Top of Records for this exercise

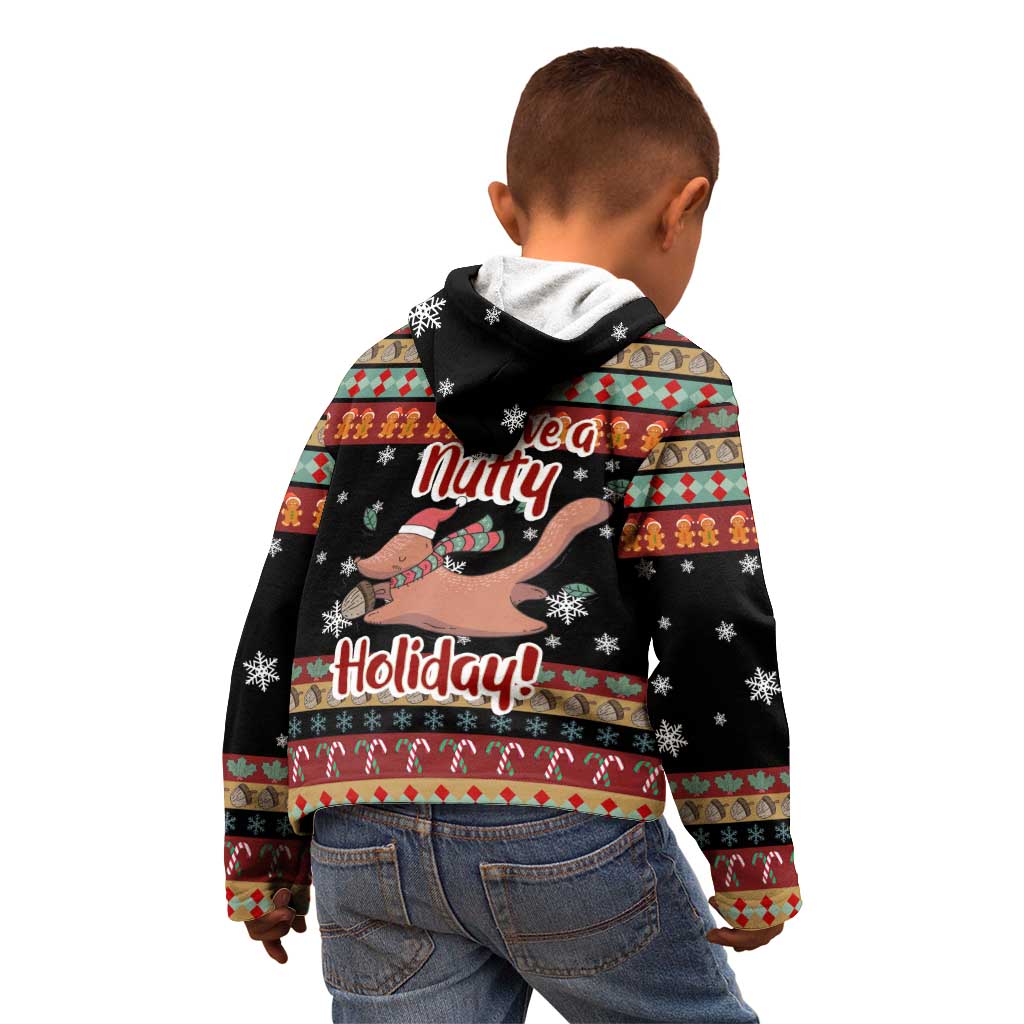 Have A Nutty Holiday Christmas Kid Hoodie Xmas Holiday Patterns - Wonder Print Shop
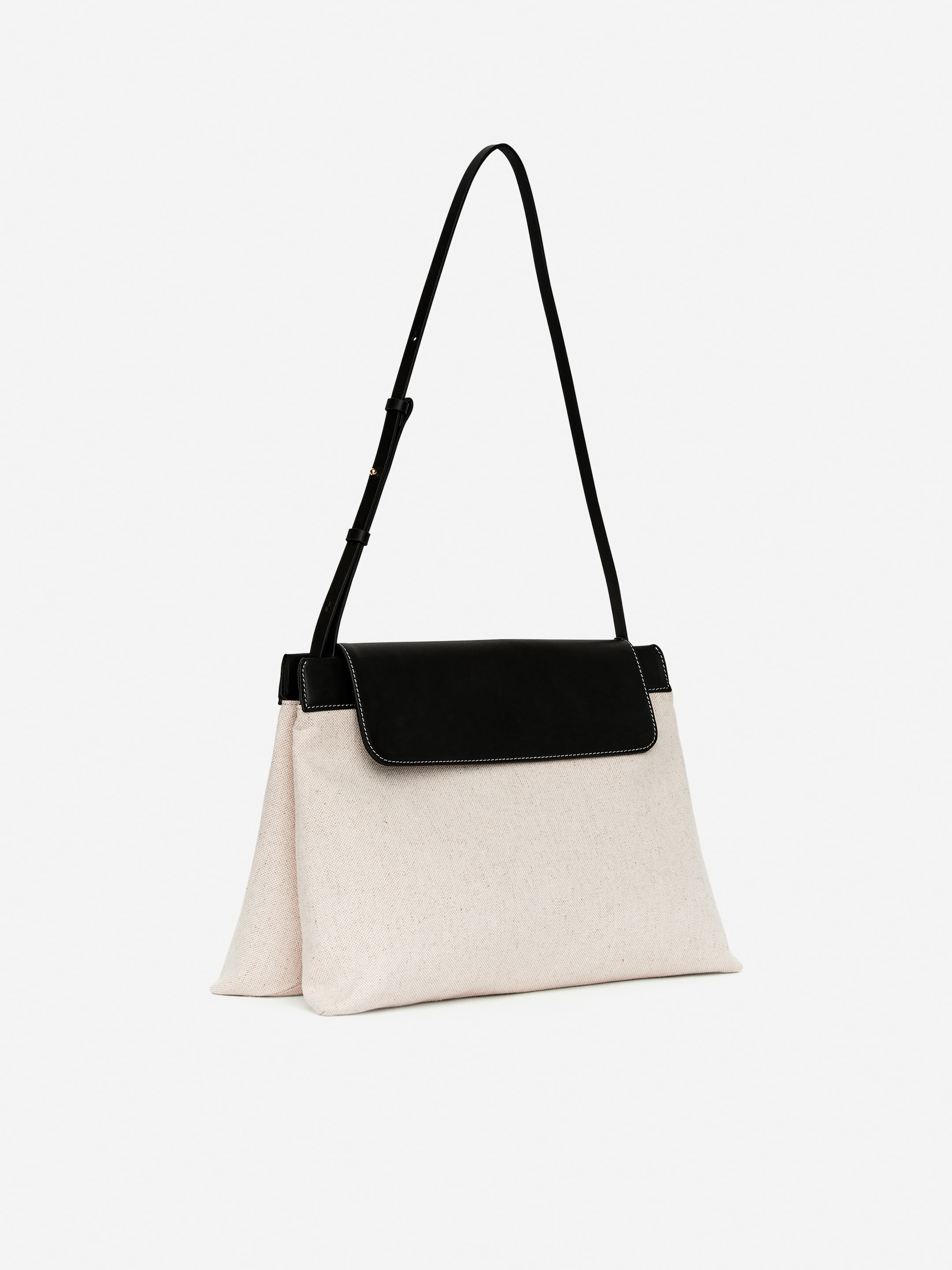 Visualizza immagine più grande: Borsa in tela e pelle - Beige chiaro - DONNA | H&M IT 3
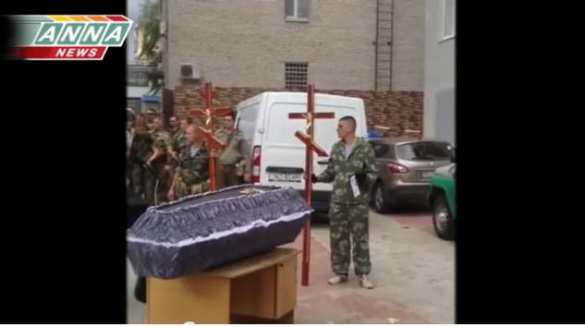 Луганск попрощался с бойцами, защищавшими поселок Металлист (видео) | Русская весна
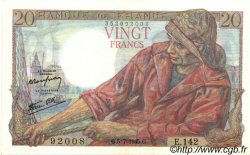20 Francs PÊCHEUR FRANCE  1945 F.13.10 SUP+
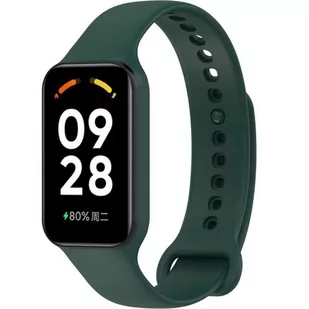 Zamienna silikonowa opaska pasek do Xiaomi Redmi SMART BAND 2 zielony - Akcesoria do smartwatchy - miniaturka - grafika 1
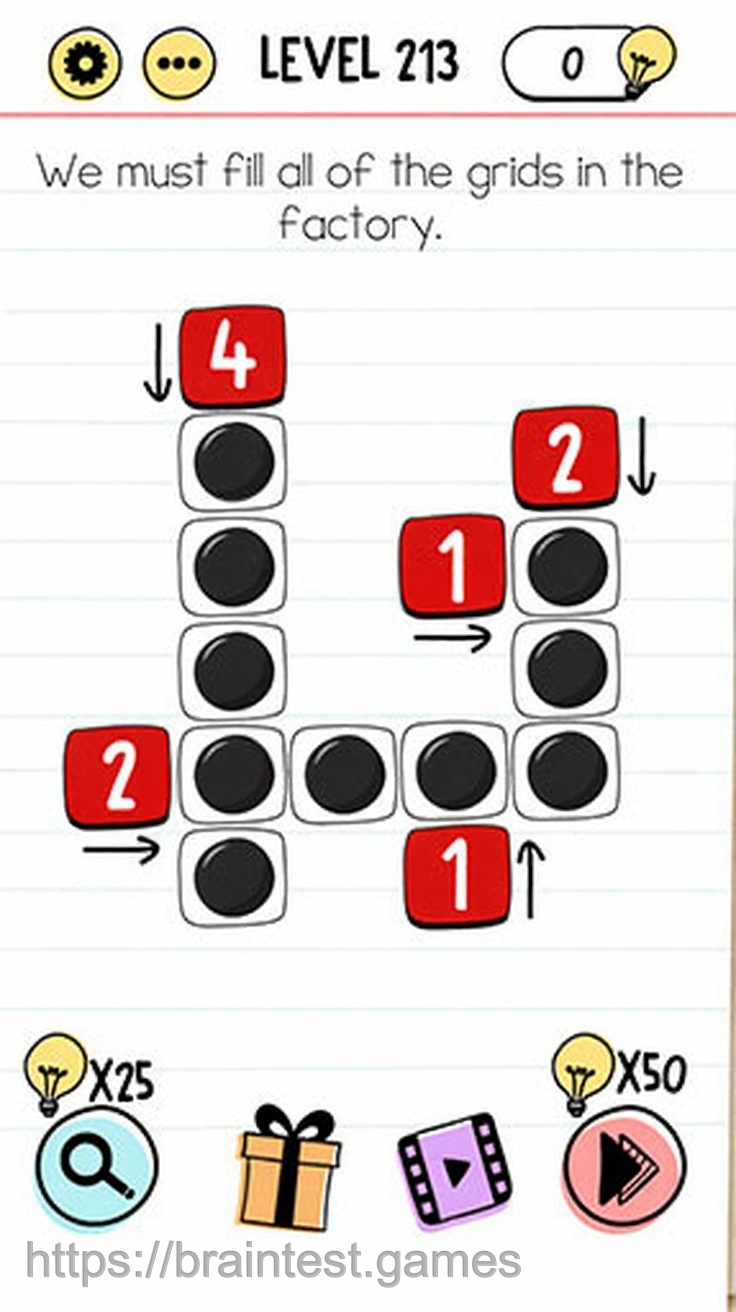 Brain Test Level 213 - Step 1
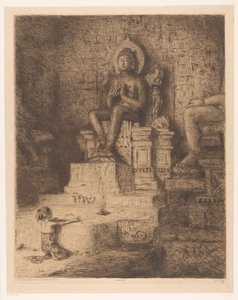 Mendoet (オブジェクトの元のタイトル) H.M. 女王の銀婚式の際のインドの賛辞 (オブジェクトの元のシリーズ タイトル) 作： Marius Bauer (signed by artist)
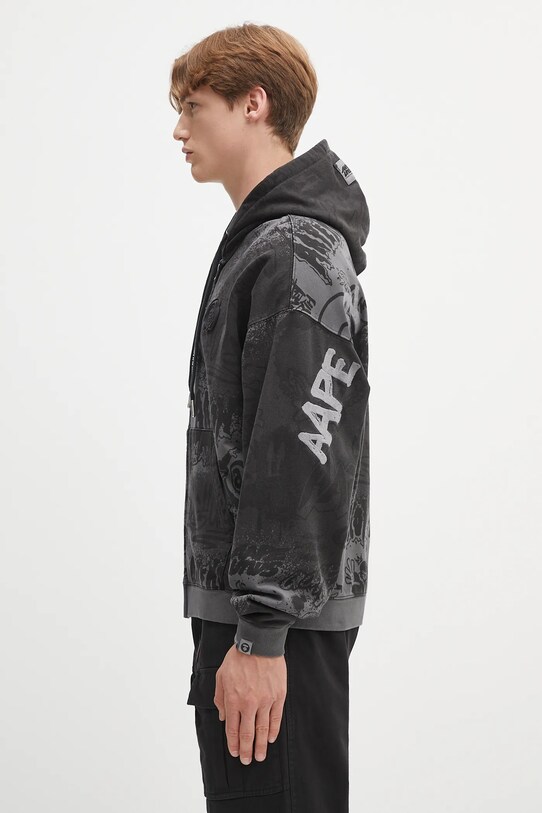 AAPE felpa Main Zip Up AAPSWMC327XXO nero SS25
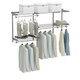 image 1 of COSTWAY Wall Mounted Closet System Hanging Organizer Rack Grey | One Size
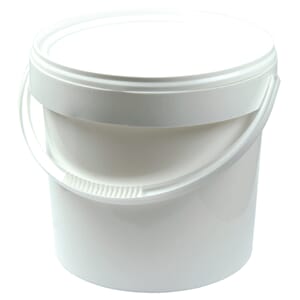 Bøtte 10,8liter hvit med lokk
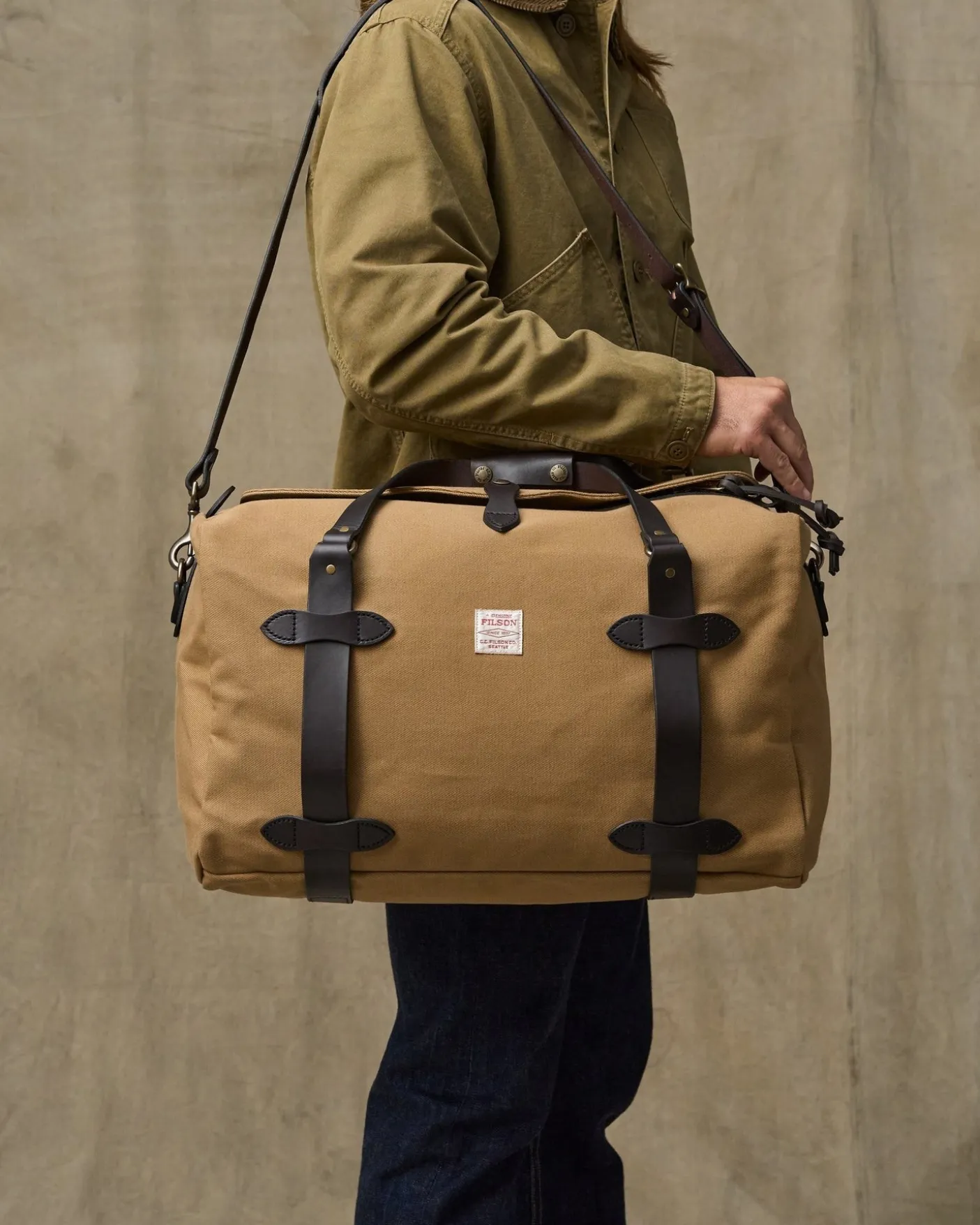 Medium Rugged Twill Duffle Bag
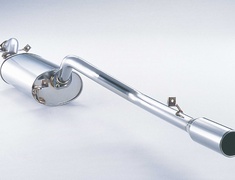 Pajero - V45W - Pieces: 2 - Pipe Size: 60.5mm - Tail Size: 100mm - Weight: 15.7kg - Tail Type: Round Straight (II) - 260-30939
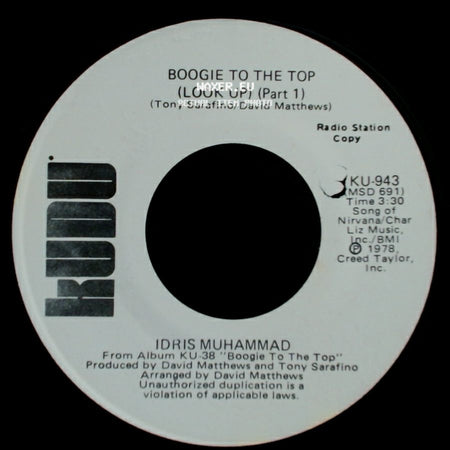 Idris Muhammad - Boogie To The Top (Look Up) (Part 1) / Boogie To The Top (Look Up) (Part 1) side A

Bottom of Records for this exercise

**What to do**
Skip the pictures and print each record exactly as it stands.

**Response**
 Have A Nutty Holiday Christmas Kid Hoodie Xmas Holiday Patterns - Wonder Print Shop
 Visualizza immagine più grande: Borsa in tela e pelle - Beige chiaro - DONNA | H&M IT 3
 Луганск попрощался с бойцами, защищавшими поселок Металлист (видео) | Русская весна
20 Francs PÊCHEUR FRANCE  1945 F.13.10 SUP+
 Zamienna silikonowa opaska pasek do Xiaomi Redmi SMART BAND 2 zielony - Akcesoria do smartwatchy - miniaturka - grafika 1
 Brain Test Level 213 - Step 1
 Mendoet (オブジェクトの元のタイトル) H.M. 女王の銀婚式の際のインドの賛辞 (オブジェクトの元のシリーズ タイトル) 作： Marius Bauer (signed by artist)
 AAPE felpa Main Zip Up AAPSWMC327XXO nero SS25
 image 1 of COSTWAY Wall Mounted Closet System Hanging Organizer Rack Grey | One Size
 Bøtte 10,8liter hvit med lokk
 Medium Rugged Twill Duffle Bag
 Pajero - V45W - Pieces: 2 - Pipe Size: 60.5mm - Tail Size: 100mm - Weight: 15.7kg - Tail Type: Round Straight (II) - 260-30939
 Idris Muhammad - Boogie To The Top (Look Up) (Part 1) / Boogie To The Top (Look Up) (Part 1) side A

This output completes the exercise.